Record set:
-- Opening Marker --

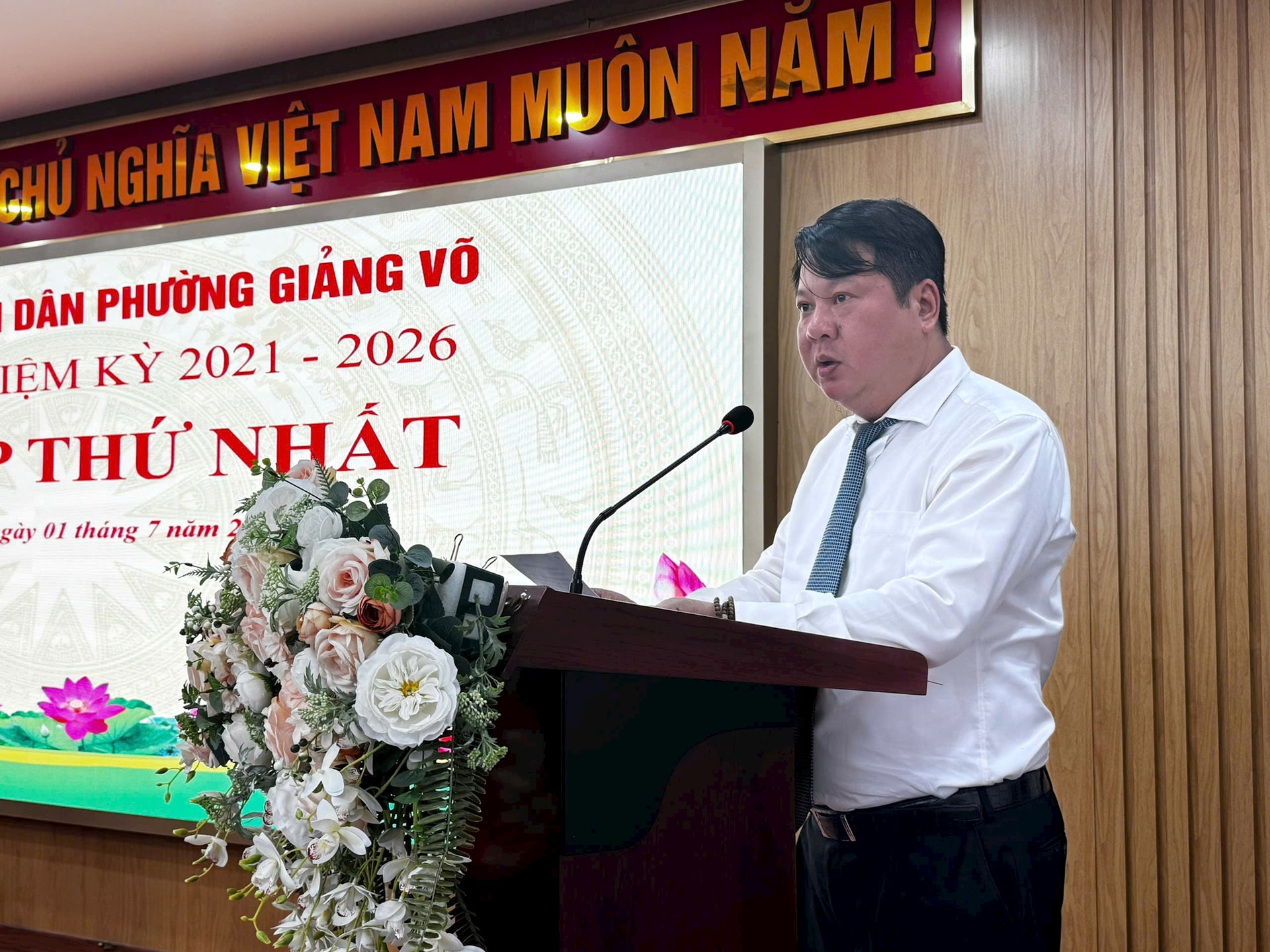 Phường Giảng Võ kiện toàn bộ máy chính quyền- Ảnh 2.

-- Closing Marker --
-- Opening Marker --

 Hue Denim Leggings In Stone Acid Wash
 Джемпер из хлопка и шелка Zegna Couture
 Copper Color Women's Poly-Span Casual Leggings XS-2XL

-- Closing Marker --
-- Opening Marker --

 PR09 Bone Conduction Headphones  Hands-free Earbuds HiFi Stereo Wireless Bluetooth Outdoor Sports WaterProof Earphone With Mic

-- Closing Marker --

Your instructions:
Count the lines above in which the word "Leggings" appears, then state only that count.

Finished task:
2